19 de julho de 2010

À mão de ler (59)

«Permita-me que duvide. Não um jornalista apaixonado pela vida, como você é. Não um homem do terreno, como eu o definiria. Você, Terradillos, não é um corretor de necrologias. Antes pelo contrário. Você, indagador do mundo, quer conhecer os factos vitais. Você quer narrá-los para os seus leitores, para esses poucos interessados num artífice como Bevilacqua, cujas raízes se afundaram uma vez na região de Poitou-Charentes. Que é também sua, Terradillos, não o esqueçamos. Você quer que esses leitores conheçam a verdade, conceito perigoso, se alguma vez o houve.

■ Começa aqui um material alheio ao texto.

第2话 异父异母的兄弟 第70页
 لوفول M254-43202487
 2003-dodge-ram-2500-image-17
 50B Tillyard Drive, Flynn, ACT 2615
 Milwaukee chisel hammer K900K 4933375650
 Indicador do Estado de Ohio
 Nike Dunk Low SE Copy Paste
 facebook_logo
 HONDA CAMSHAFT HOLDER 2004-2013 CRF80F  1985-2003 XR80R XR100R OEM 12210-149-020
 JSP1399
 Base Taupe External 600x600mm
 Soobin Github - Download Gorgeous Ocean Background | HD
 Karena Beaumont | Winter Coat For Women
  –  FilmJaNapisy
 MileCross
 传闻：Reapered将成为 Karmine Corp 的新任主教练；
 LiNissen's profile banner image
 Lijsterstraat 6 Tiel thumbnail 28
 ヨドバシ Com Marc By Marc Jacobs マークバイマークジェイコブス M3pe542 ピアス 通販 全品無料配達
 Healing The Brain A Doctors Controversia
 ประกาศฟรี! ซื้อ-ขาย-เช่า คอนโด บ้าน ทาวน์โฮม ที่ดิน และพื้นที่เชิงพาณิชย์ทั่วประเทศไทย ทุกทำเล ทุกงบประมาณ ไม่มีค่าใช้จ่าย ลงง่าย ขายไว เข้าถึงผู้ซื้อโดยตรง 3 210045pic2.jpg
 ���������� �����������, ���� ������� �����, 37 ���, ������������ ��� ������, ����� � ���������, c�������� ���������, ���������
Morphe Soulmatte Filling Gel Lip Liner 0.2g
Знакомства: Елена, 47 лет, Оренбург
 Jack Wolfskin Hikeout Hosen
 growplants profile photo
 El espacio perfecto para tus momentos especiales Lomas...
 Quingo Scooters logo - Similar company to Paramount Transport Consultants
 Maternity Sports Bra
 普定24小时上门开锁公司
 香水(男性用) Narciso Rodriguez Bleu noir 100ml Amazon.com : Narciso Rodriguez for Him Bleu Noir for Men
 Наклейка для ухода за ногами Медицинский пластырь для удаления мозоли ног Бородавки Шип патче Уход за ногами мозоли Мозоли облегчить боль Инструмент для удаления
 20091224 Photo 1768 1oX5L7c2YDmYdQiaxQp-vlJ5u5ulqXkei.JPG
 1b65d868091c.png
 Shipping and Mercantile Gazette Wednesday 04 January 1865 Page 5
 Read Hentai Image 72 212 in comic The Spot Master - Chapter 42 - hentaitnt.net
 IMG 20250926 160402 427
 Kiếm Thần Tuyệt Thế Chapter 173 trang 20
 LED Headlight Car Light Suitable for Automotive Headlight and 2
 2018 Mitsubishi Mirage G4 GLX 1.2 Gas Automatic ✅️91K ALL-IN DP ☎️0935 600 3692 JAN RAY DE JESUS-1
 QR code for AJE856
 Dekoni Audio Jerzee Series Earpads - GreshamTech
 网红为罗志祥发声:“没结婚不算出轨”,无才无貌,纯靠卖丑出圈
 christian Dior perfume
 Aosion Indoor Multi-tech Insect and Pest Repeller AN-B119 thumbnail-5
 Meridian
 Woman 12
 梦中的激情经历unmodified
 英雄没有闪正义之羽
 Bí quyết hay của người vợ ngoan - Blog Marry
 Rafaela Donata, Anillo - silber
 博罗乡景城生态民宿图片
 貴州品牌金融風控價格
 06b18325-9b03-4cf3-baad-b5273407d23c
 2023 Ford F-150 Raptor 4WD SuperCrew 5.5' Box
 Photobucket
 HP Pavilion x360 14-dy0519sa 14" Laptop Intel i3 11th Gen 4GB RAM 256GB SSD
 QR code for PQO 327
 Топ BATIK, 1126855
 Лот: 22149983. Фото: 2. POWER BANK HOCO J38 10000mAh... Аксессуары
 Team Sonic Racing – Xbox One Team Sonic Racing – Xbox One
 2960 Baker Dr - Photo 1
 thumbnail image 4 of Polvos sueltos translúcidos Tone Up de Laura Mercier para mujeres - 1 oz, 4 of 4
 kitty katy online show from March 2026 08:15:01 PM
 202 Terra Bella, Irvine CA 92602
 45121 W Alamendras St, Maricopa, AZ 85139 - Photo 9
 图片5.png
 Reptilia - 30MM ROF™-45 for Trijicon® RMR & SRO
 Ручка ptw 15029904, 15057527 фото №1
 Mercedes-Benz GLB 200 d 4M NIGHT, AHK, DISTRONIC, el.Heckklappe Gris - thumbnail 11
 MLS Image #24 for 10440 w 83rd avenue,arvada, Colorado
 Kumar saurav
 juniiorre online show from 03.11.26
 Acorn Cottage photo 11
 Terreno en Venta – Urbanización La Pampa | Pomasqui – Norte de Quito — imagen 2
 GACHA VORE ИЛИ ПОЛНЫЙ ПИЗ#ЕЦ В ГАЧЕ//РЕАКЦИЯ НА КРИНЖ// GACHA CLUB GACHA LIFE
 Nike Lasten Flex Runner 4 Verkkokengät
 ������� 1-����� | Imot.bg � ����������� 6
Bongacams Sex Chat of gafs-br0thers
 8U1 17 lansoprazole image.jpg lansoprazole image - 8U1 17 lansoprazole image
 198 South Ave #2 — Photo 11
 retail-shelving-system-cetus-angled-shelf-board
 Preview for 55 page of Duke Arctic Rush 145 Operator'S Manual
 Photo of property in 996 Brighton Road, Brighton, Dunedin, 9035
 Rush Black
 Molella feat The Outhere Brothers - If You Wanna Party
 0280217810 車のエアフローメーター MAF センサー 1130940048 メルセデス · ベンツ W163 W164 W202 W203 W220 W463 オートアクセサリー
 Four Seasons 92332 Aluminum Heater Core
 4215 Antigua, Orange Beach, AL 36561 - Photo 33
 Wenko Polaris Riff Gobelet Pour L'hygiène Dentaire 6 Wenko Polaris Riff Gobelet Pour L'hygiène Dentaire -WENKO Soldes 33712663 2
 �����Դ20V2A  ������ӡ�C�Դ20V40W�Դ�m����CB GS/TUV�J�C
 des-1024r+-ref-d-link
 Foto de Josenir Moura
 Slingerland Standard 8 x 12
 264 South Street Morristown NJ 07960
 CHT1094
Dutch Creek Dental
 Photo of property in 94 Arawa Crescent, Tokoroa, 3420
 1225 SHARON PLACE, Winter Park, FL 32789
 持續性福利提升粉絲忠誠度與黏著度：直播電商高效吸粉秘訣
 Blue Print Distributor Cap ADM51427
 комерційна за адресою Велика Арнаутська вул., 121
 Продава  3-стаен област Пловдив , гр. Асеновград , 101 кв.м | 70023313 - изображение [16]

Você quer redimir Bevilacqua na sua tumba. Você quer dar a Bevilacqua uma nova biografia, armada de pormenores baseados em recordações reconstruídas com palavras. E tudo isto pela paupérrima razão de que a mãe de Bevilacqua nasceu no mesmo recanto do mundo que você. Vã empresa, meu amigo! Sabe o que lhe recomendo? Que se dedique a outras personagens, a heróis mais coloridos, a celebridades mais apelativas, das quais Poitou-Charentes pode verdadeiramente orgulhar-se, como esse mariquinhas heterossexual, o oficial da marinha Pierre Loti, ou esse mimado das universidades ianques, o calvo Michel Foucault.»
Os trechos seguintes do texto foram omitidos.